§ Exercise goal
Everything from the line that contains "Un baño moderno" through the last line below should be transcribed exactly, except the pictures.

§ Data segment
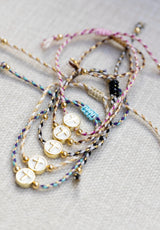 Pulsera cruz esmalte blanco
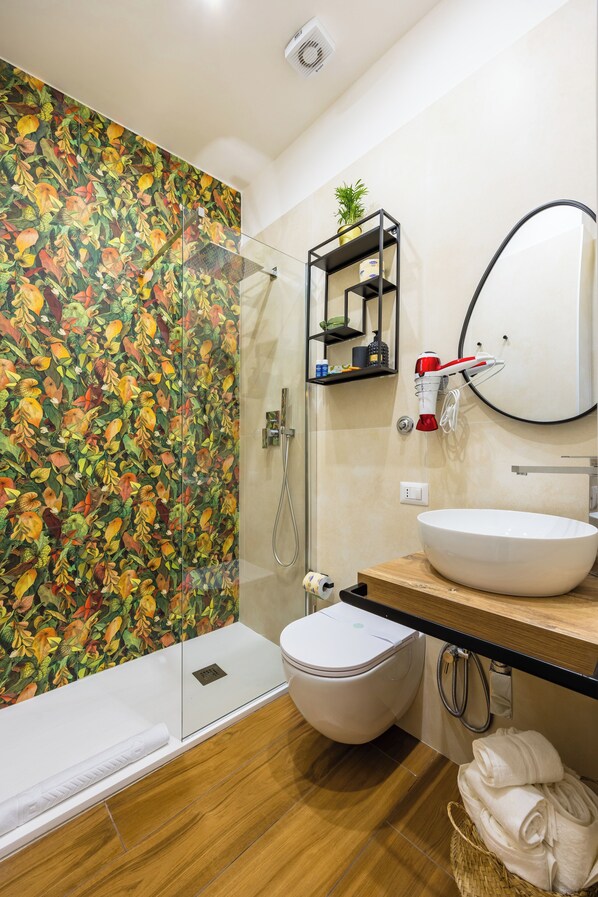 Un baño moderno con cabina de ducha de vidrio, un lavabo blanco y un mueble de tocador de madera.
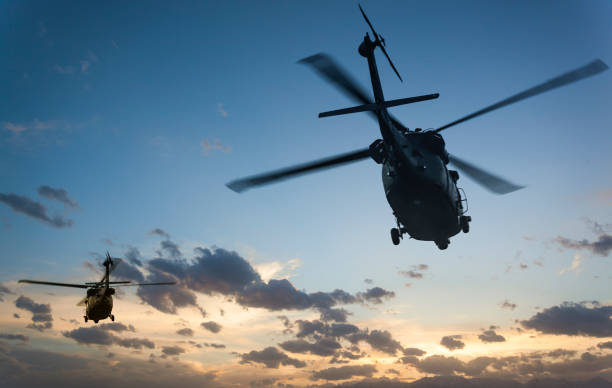 istock Military Helicopters flying against sunset 970105306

§ Solution to the exercise
 Un baño moderno con cabina de ducha de vidrio, un lavabo blanco y un mueble de tocador de madera.
 istock Military Helicopters flying against sunset 970105306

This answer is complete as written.